Surface Energy

A classic example of surface energy can be seen in how water behaves on a waxed surface, such as a car hood after waxing. When you sprinkle water on the waxed surface, the water forms small, round droplets instead of spreading out. It happens because water molecules are more attracted to each other (cohesion) than to the waxy surface (adhesion).

The spherical shape of the droplets minimizes the surface area of the water exposed to air, thereby reducing the surface energy. In this case, the intermolecular forces of water pull the molecules inward, creating the droplet shape to minimize energy. The waxed surface, which has low surface energy, does not allow the water to spread out. Thus, the formation of droplets is a result of the water trying to minimize its surface energy.

Wetting refers to how well a liquid spreads out or “wets” a solid surface. The interaction between the liquid’s surface energy and the solid’s surface energy determines the degree of wetting. In the case of water on a waxed surface, the surface energy of the wax is low, meaning that the wax does not strongly attract the water molecules. Since the cohesive forces within the water molecules (surface tension) are stronger than the adhesive forces between the water and the wax, the water prefers to stay together in droplets rather than spread out.

On the other hand, if the same water is poured onto a clean glass surface, which has a higher surface energy, the adhesive forces between the water and the glass are stronger. In this case, the water spreads out and wets the glass because the surface energy of the glass encourages the water molecules to stick to it. 

This difference in behavior illustrates how surface energy affects wetting: materials with high surface energy tend to be wetted easily, while those with low surface energy repel liquids, leading to the formation of droplets. The contact angle between the liquid and the solid surface measures wetting.
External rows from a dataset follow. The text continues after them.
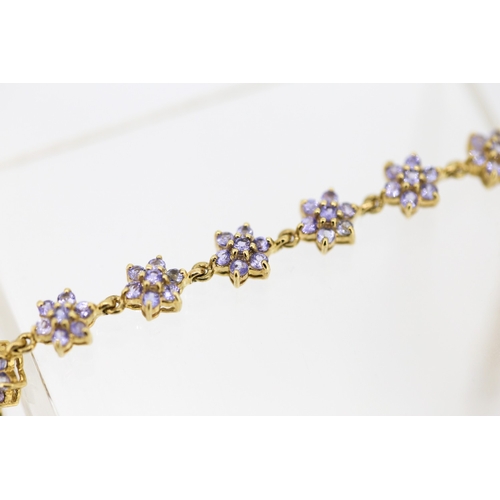 21 - Pale Tanzanite Cluster Daisy Form Set Bracelet Mounted in 9 Carat Yellow Gold 18.5cm Long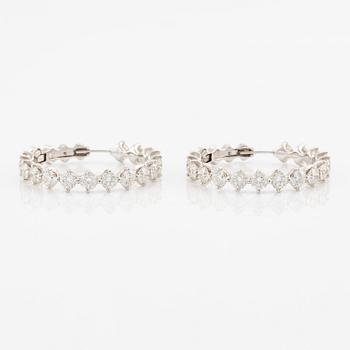 A pair of earrings in 18K white gold set with round brilliant-cut diamonds.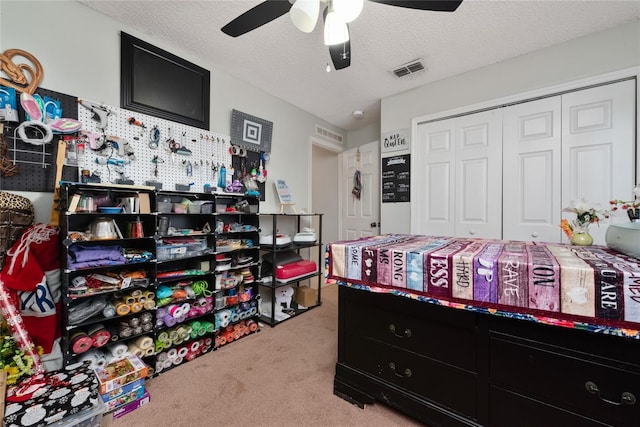 bedroom featuring a closet, ceiling fan, light colored carpet, and a textured ceiling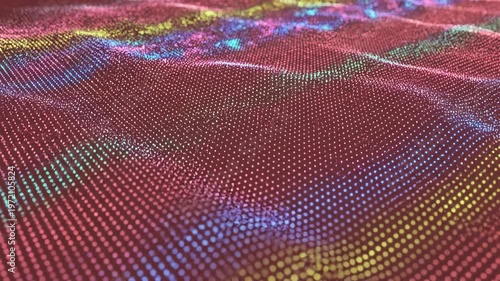Abstract digital mesh of glowing multicolored particles on a coral red background. Geometric grid of dots forms a dynamic wave-like topographical surface with a shallow depth of field.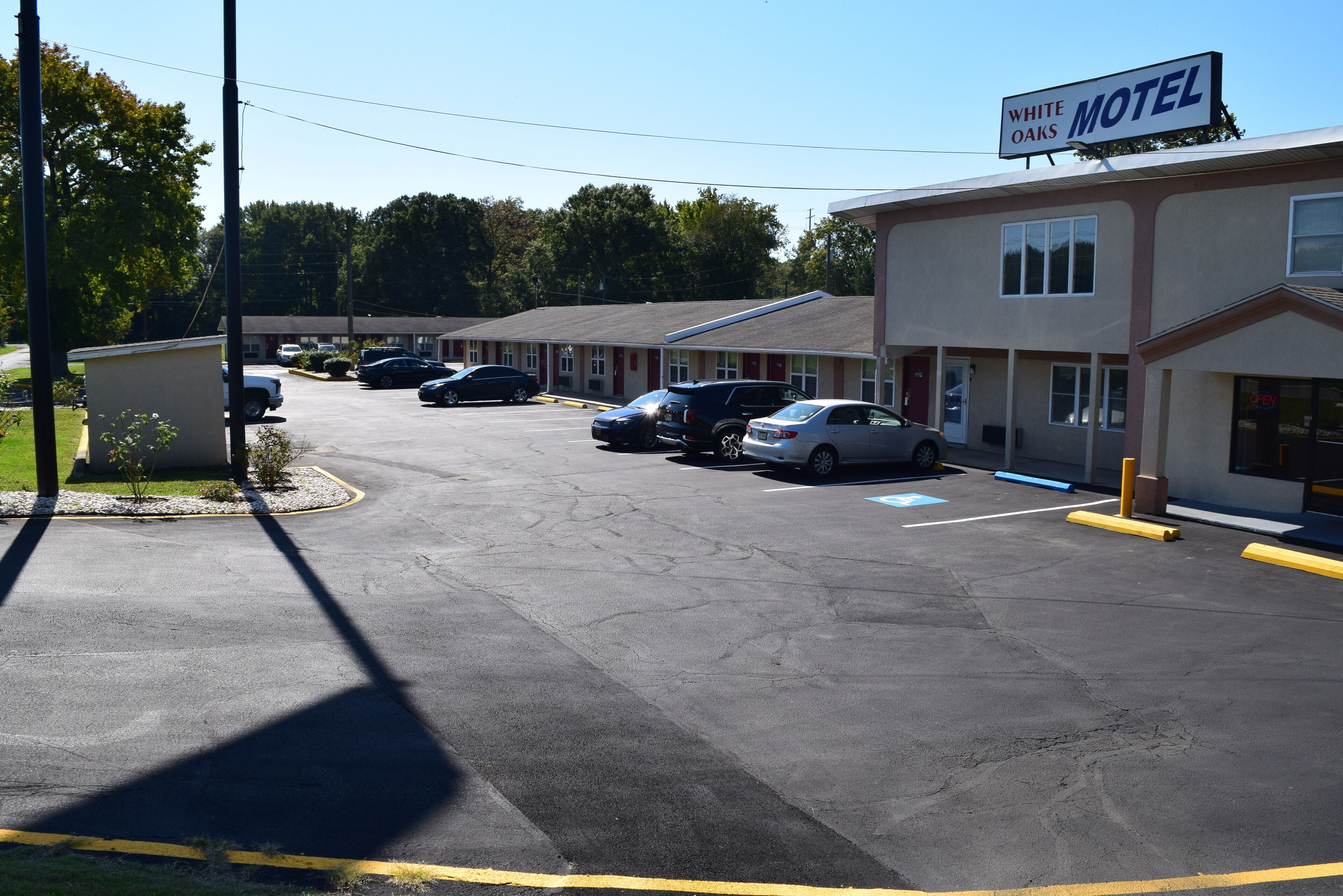 A motel with multiple parking spaces and a sign indicating the name 'White Oaks Motel'.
The formula for surface energy is:

\[ \gamma = \frac{W}{A} \]

Where:

– γ is the surface energy

– W is the work or energy required to create a new surface

– A is the area of the newly created surface

This formula shows that surface energy is the amount of energy required to create a unit area of a new surface. It is a measure of the energy needed to overcome intermolecular forces at the surface. The higher the surface energy, the more energy is required to increase the surface area of the material.

Units and Dimension

Surface energy is typically measured in units of energy per unit area. In the International System of Units (SI), it is expressed in joules per square meter (J/m²). Alternatively, surface energy can also be expressed as newtons per meter (N/m) because one joule is equal to one newton-meter (N·m), and dividing by area gives N/m.

The dimension of surface energy is represented as [M¹L⁰T^–2] or [MT^–2].
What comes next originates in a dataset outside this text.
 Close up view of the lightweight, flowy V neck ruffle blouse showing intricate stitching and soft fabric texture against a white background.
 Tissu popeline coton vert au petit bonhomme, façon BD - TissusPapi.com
The relationship between surface energy and surface tension is closely linked, especially in liquids. Both concepts are manifestations of the same physical principle – the imbalance of molecular forces at a surface. However, they are expressed in different ways depending on whether the material is a liquid or a solid.

In Liquid:

Surface tension refers to the force per unit length that acts along the surface of a liquid, causing the liquid to minimize its surface area. Its formula is given by:

\[ \sigma = \frac{\text{F}}{\text{L}} \]

Where:

– σ is the surface tension

– F is the force acting on the liquid surface

– A is the length along which the force acts

It is expressed in newtons per meter (N/m)

On the other hand, the surface energy is:

\[ \gamma = \frac{W}{A} = \frac{\text{F}}{\text{L}} = \sigma \]

Thus, for liquids, surface tension and surface energy are numerically the same and can be used interchangeably.

In Solid:

For solids, surface energy remains, but there is no surface tension in the same sense as in liquids because solids do not flow or change shape easily to minimize their surface area.